Bastard. He had no problem using the yordle for testing. “Yordles are magical, they are unreliable and unrelatable to how a human reacts to things. It’s just extra pain against him, and a waste of money,” she tried again.
Then, everything changed. Suddenly, she could feel the whole atmosphere change. It was rougher. Alert. More people were running by.
“Oh, not this,” the meddler complained. “Really? Ugh.” He rolled his eyes. “No more sales or rentals, closing up shop.”
That’s when Jinx heard it.
“Stop in the name of Demacia!”
Demacia.
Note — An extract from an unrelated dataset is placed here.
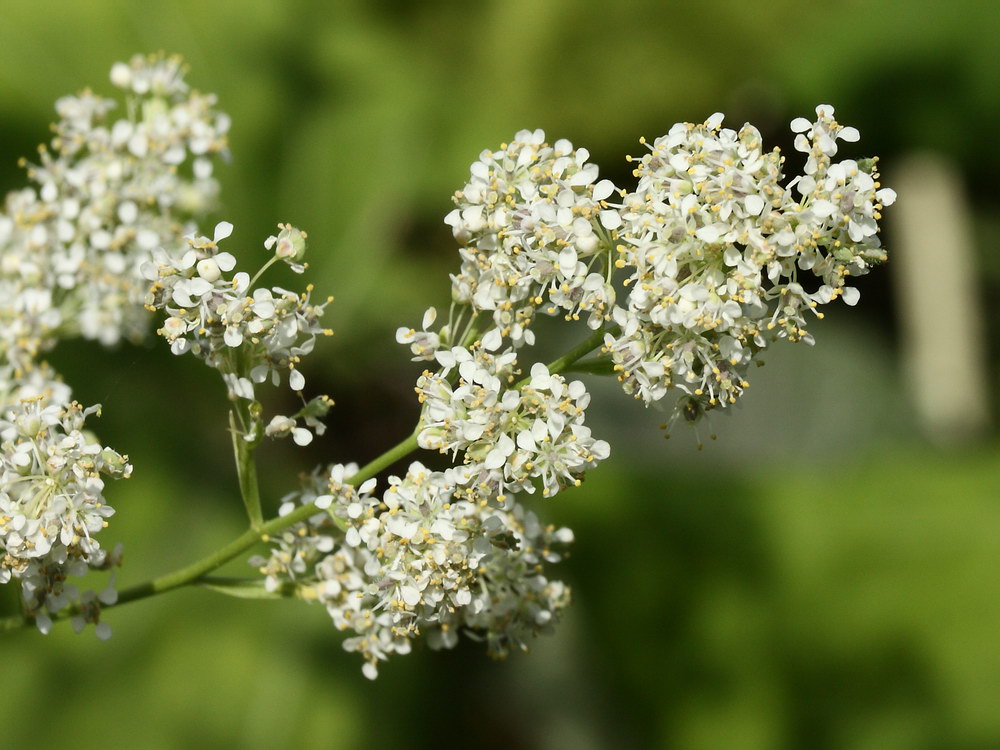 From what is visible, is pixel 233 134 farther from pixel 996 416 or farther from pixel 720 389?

Jinx watched as Meddler started to fiddle with a time machine looking thing, and then he and Captain Teemo were gone. Huh. “Well, that’s funny.” His most expensive prize just left behind?
Then, Jinx lost her cool as she saw who had started heading toward her. The thing that bothered about breeding her last time she was kidnapped! She instantly moved toward the back of the cage. “Not you lady, stay away, I will kill you!”
Like a bad dream, she knew that one. Remembered her words oh so well.
“Hmm.” She was looking at the tag too. “Sees through glamour. I don’t know, glamour isn’t going to be a big thing soon if Ri gets his way. Time distortion of fifteen seconds or longer though? Oh, I don’t know. That’s kind of good, but I’d rather have it down to a few seconds. For the price, pretty good.” She smiled at her. “And you’re cute! Small boobs, but pretty hair and eyes. And you’re bound to get even cuter. Oh.” She moved closer to the bars and stared at Powder. “Are you a long-term investment? I forget. Are these abilities inherited? Will your children have them too if I breed you out?”
Jinx wasn’t one to cuss much, but- “Stay away from me, Bitch, I will rip out your throat!” She growled, she hissed, all while knowing she was just a trapped animal in a cage.
“Don’t even think about it, she’s mine,” the Meddler said as he returned.
Jinx felt a huge sigh of relief. It was the first time she felt relief seeing him.
“Forgot I cannot hold onto you as the organic source, for some reason, it doesn’t read you,” the Meddler said to her. “The cage is locked on this time.”